Understanding Illinois: Revisiting the Founding Era for Lessons Learned
•February 13, 2019•
By Jim Nowlan
NP Guest Columnist
I have been asked by the Kewanee (IL) Library, near my residence in central Illinois, to lead discussions on “Revisiting the Founding Era.” What lessons might there be for us today, and what might we do today to honor those who made our nation possible?
Library director Barbara Love was awarded one of a very few grants from a New York City foundation to explore the topic. Over the coming six weeks, I will sit in the moderator’s chair at sessions in the library, and in classes at the local community college, high school and state prison.

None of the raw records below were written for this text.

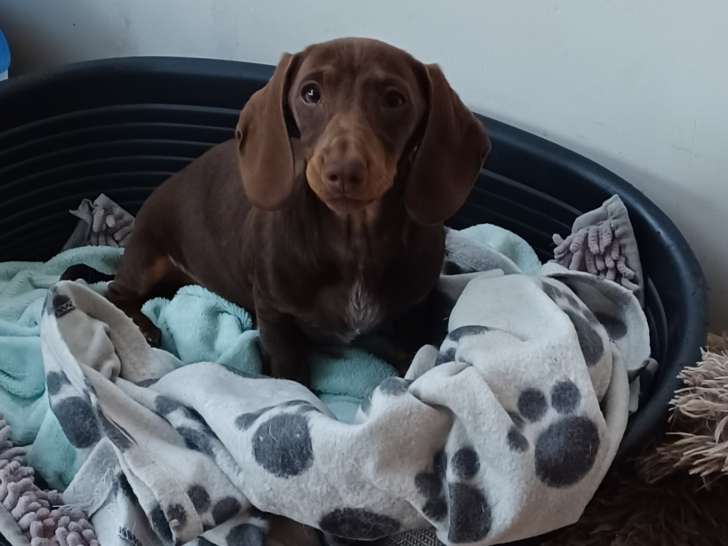 Femelle Teckel nain  chocolat tan  à vendre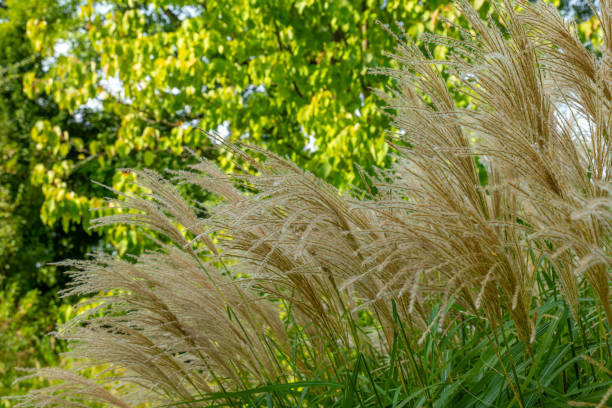 istock field of tall grass with a few trees in the background 2174228271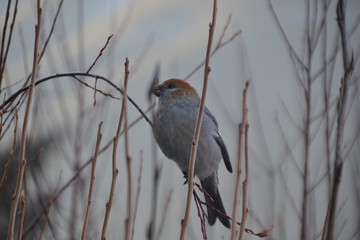Pine Grosbeak going for Breakfast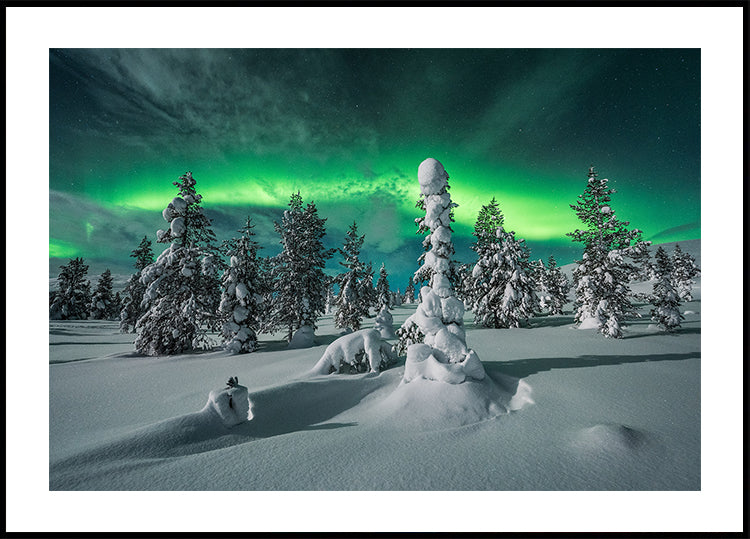 Plakat nocy polarnej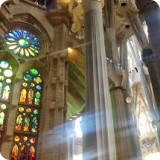 As Gaudi acknowledged, the structure that holds up the inside of the temple naves is like a tree - with the trunk, the branches, and a canopy of leaves as the ceiling.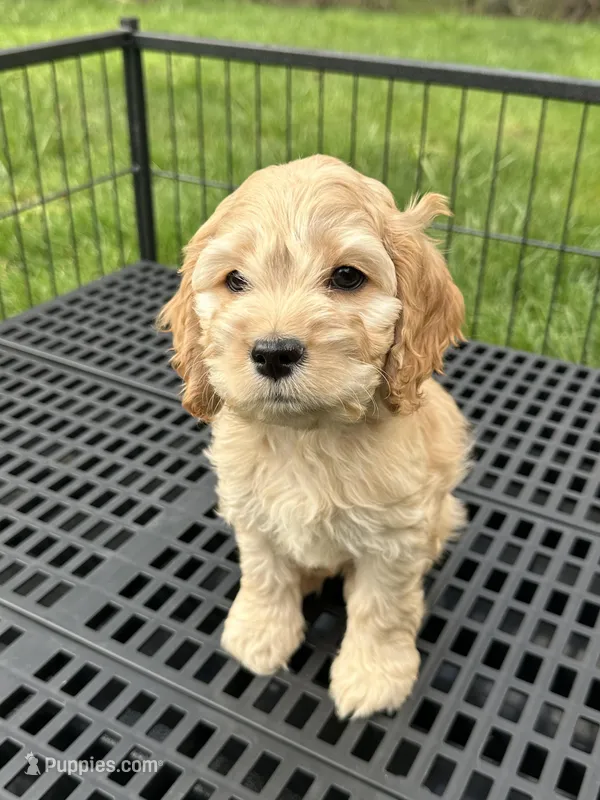 Boy1  – Cockapoo puppy for sale in Seattle, WA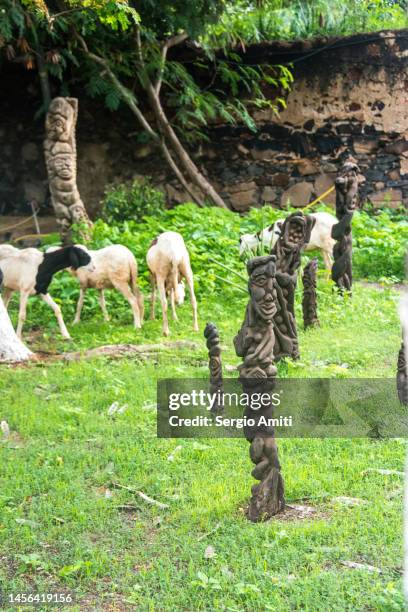 sheep grazing on gorée island - african totem poles stock pictures, royalty-free photos & images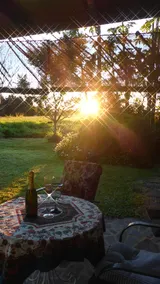 Wompoo Cottage close to Lake Eacham - Image 5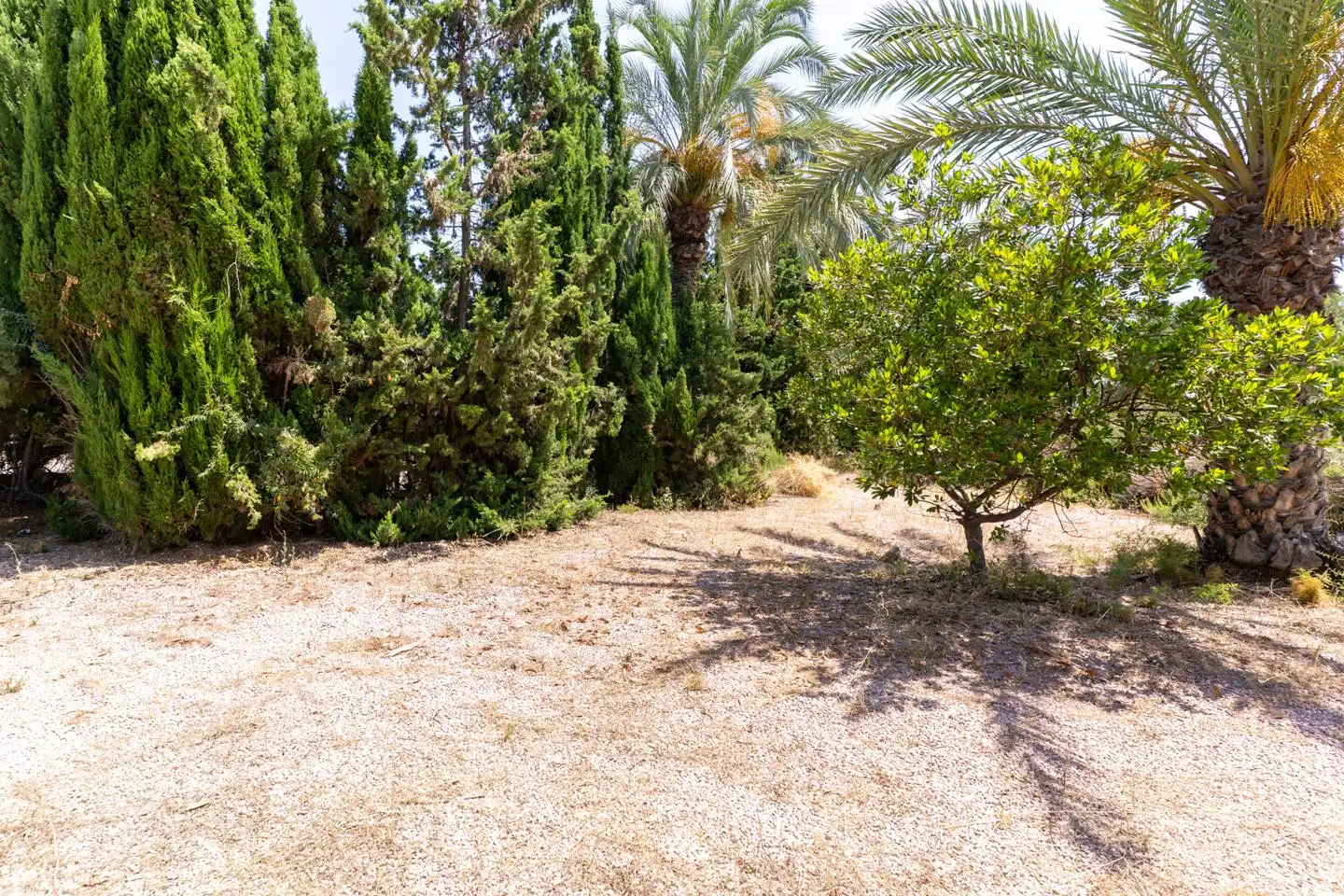 Casa o xalet en venda en Elche / Elx amb Calefacció, Terrassa i Traster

I am a political scientist, yet have always enjoyed history, though I am not expert in the Revolutionary Era. To prepare, I just finished “American Creation,” by Joseph Ellis, author of the best-selling “Founding Brothers.”
The Founders, led by Adams, Washington, Jefferson, Franklin, Hamilton, Madison and of course others, were not demigods. They were indeed true radicals, intelligent, imperfect.
Their audacity was breathtaking—a tiny band of disparate colonies of barely 3 million people taking on the world’s mightiest military.
Nor was there consensus in the America colonies. Ellis estimates that only one-third of the colonists supported the Revolutionary cause; one-third, opposed, and one-third sat on the fence.